Silvio Apolloni fu il primo partigiano caduto per la libertà del gruppo che, partendo dalla ventina di uomini di Malga Campetto, per la grande adesione di giovani uomini e donne alla Resistenza, diventò il 17 maggio 1944 la XXX Brigata Garibaldina “Garemi”. A Silvio Apolloni fu dedicato un battaglione che operò nella Val Leogra.

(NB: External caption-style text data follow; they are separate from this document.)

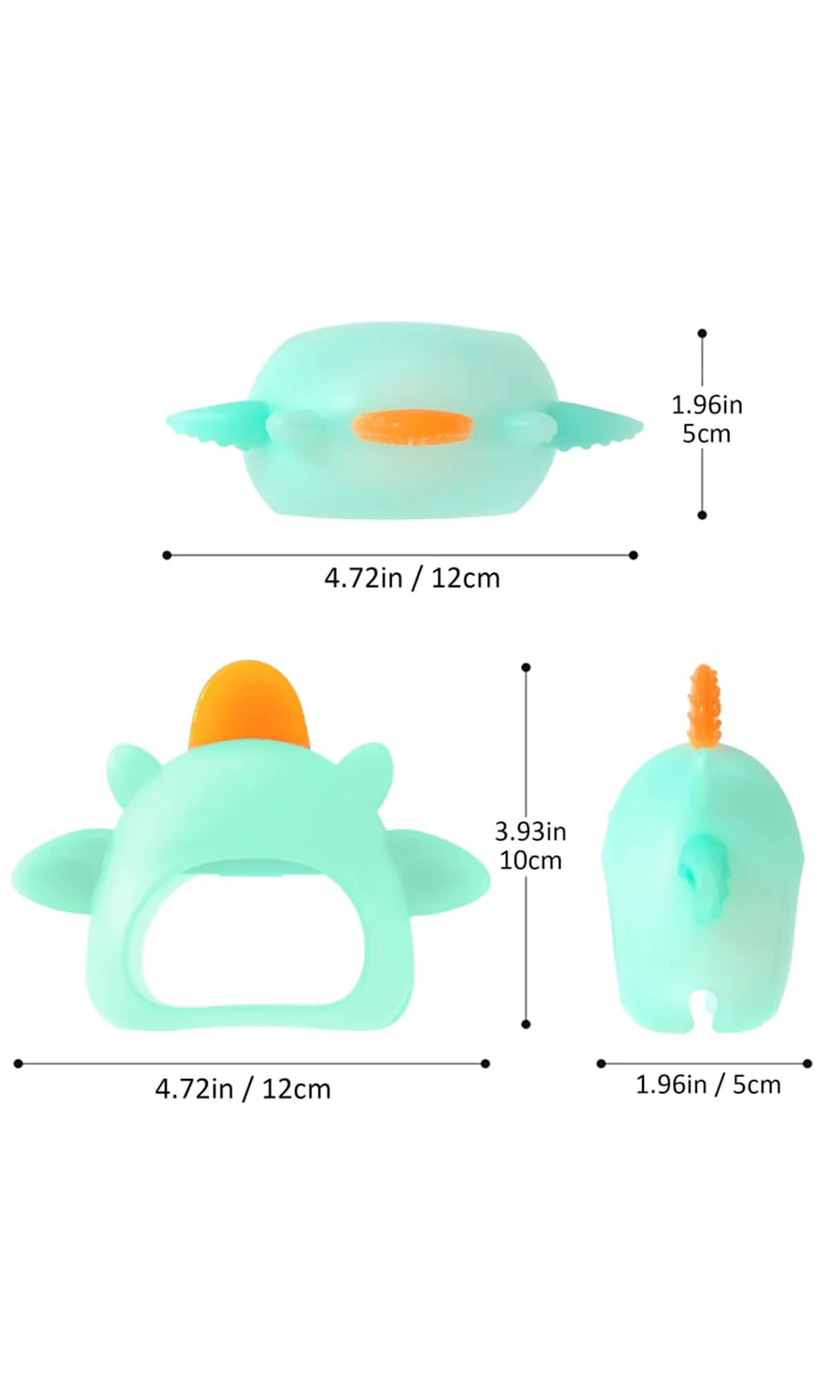 Silicone Teething Mittens - Image 5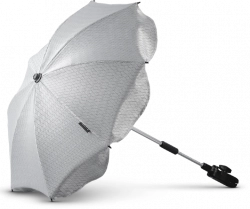 Venicci Parasol Pure Stone Grey Saules sargs ratiņiem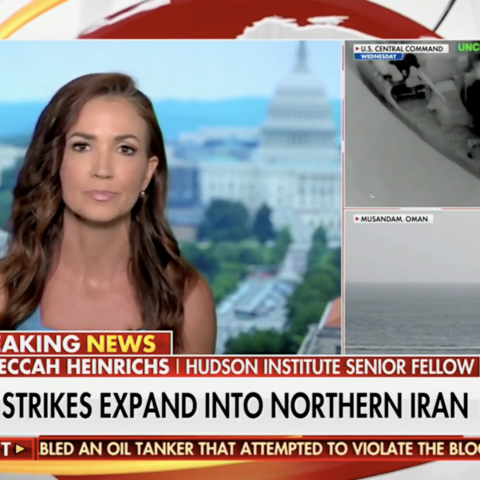 Rebeccah Heinrichs on Fox News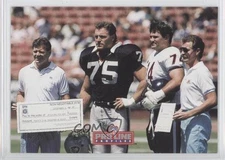 1992 Pro Line Profiles National Convention Howie Long (6 of 9) HOF 0q3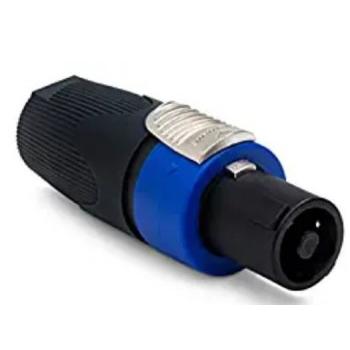 Neutrik NL4FX Speakon 4-Contact Cable Twist Lock Connector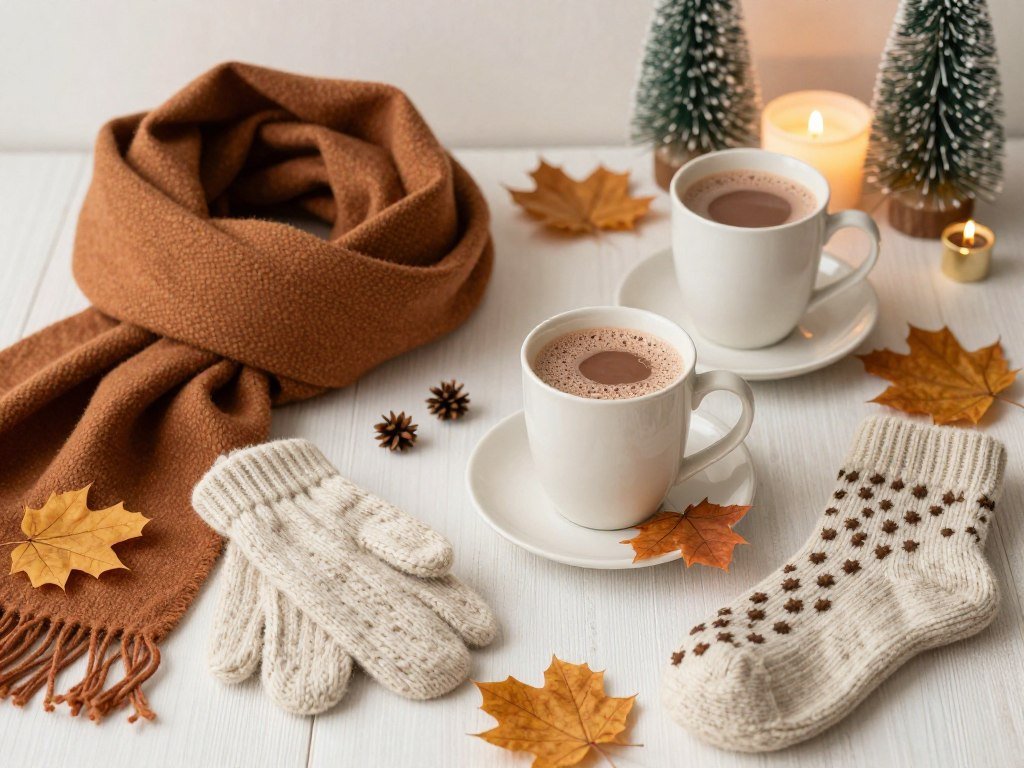 Cozy fall and winter bridal shower prizes Cozy fall and winter bridal shower prizes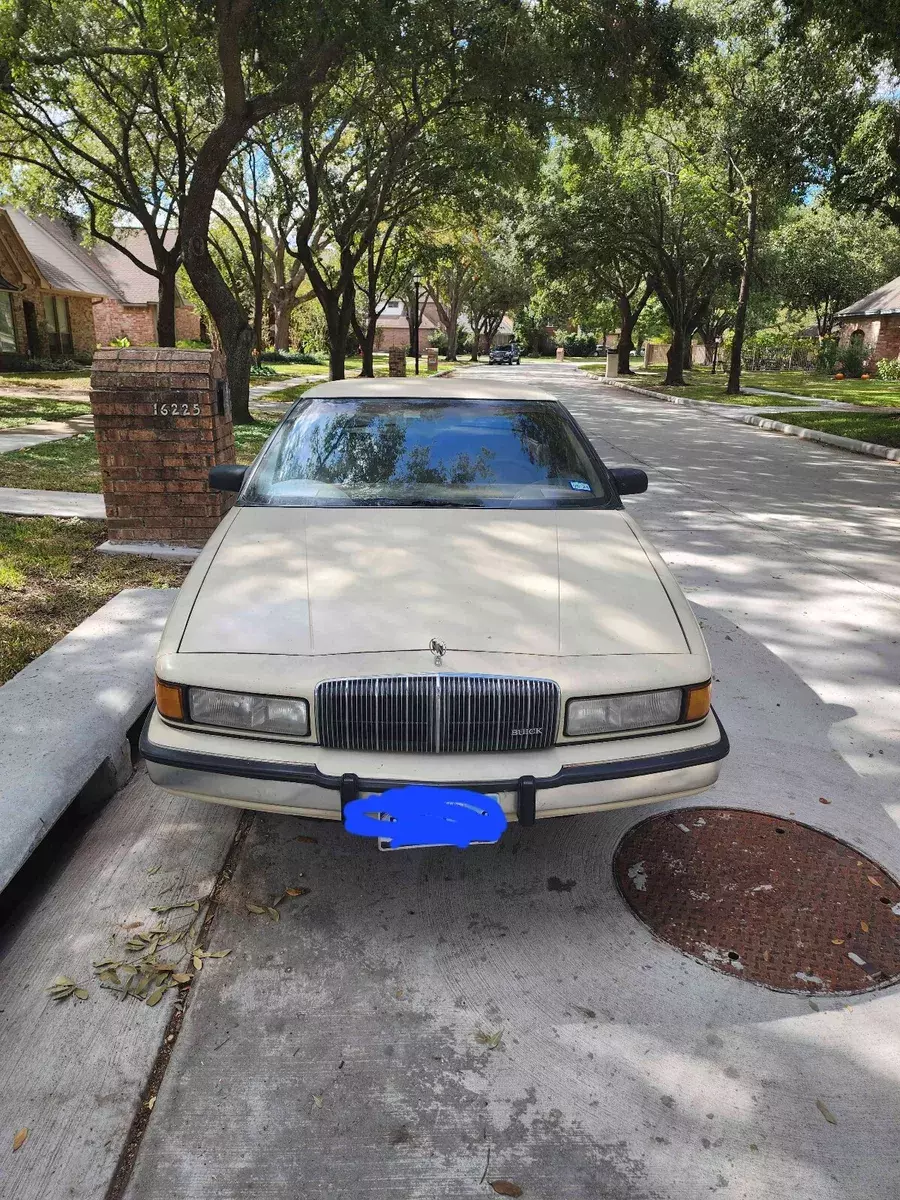 1990 Buick Regal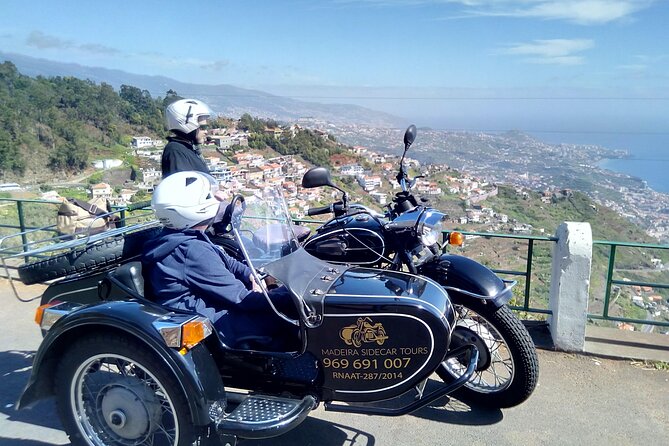 Madeira Scenic Tour Sidecar & Jeep l (price per 1 or 2 pax) - A Jeep Plus Sidecar Day in Madeira: The Real Reason It Works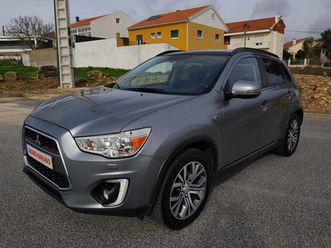 mitsubishi asx 1.6 di-d, 114cv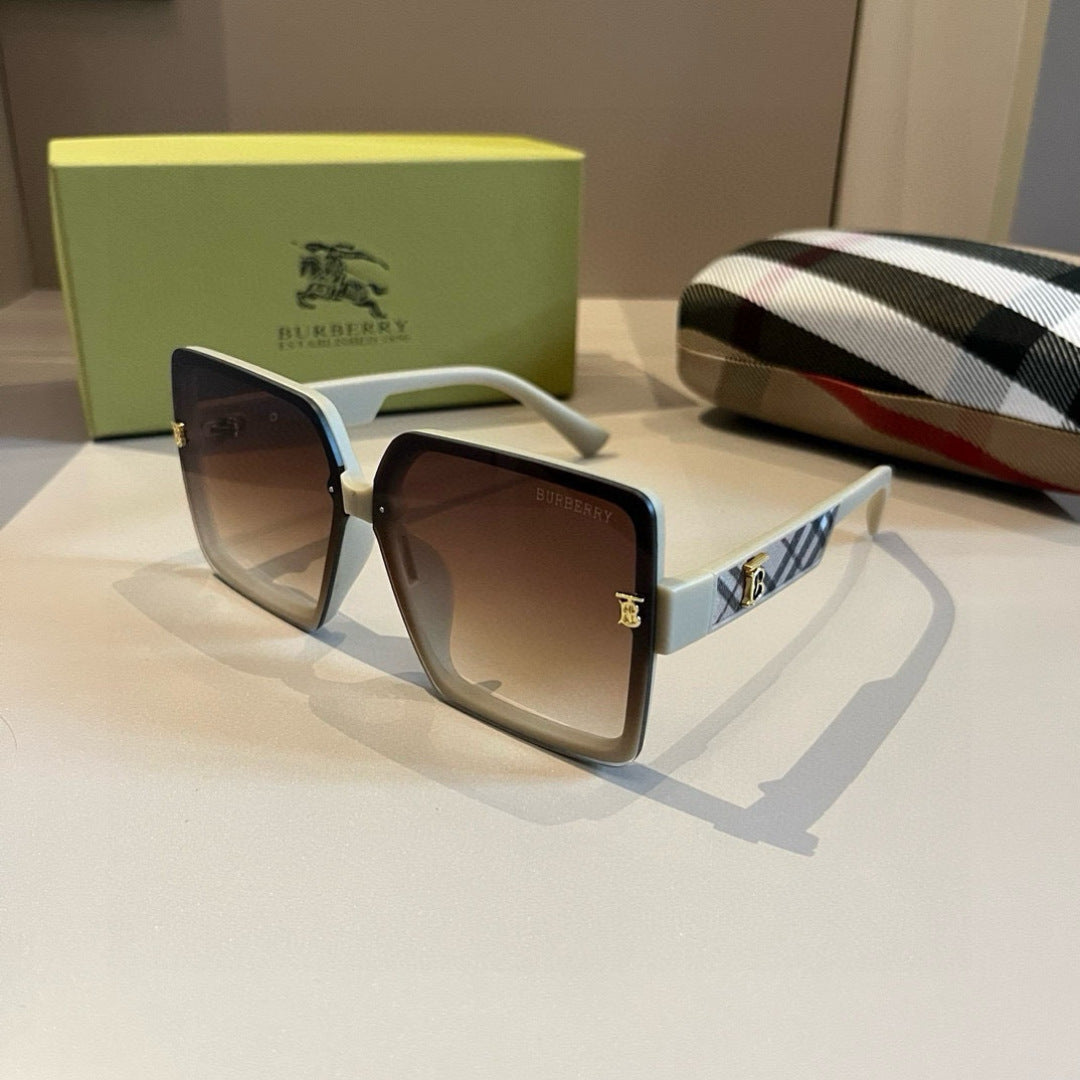 Burberry Fashion Brown Lens Sunglasses for Men & Women - 382879 - detail image 5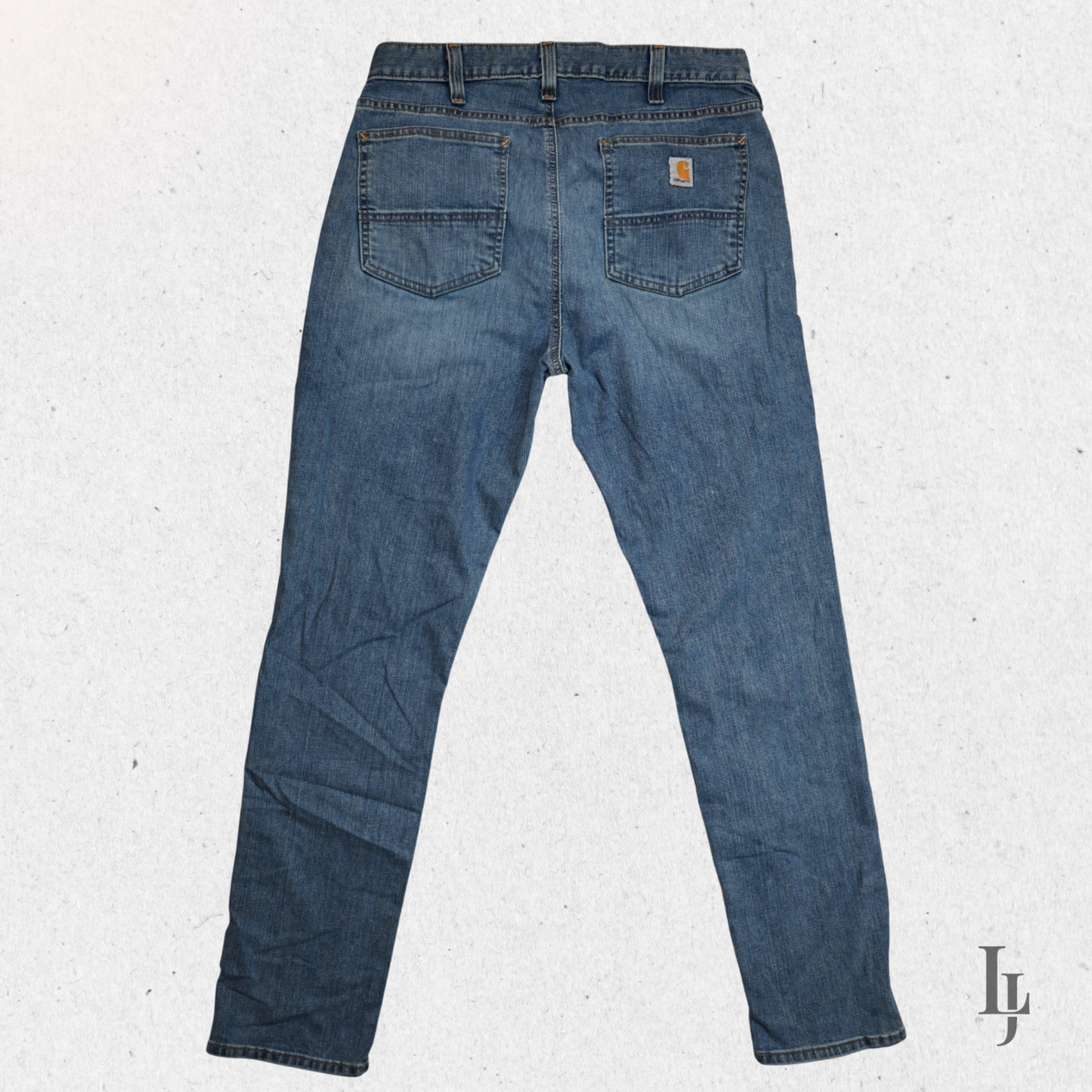 Carhartt Relaxed Fit Jeans - Size 34X34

La “Garemi” fu la formazione che portò la lotta armata in una vasta zona che va dal lago di Garda al fiume Brenta e dal Basso Vicentino al Trentino e che arrivò a contare oltre 10.000 tra partigiani e patrioti, uomini e donne, e oltre 750 caduti.
A Silvio Apolloni la città di Vicenza ha dedicato un busto in Via Santa Lucia posto nei pressi della sua abitazione sopra un porticato.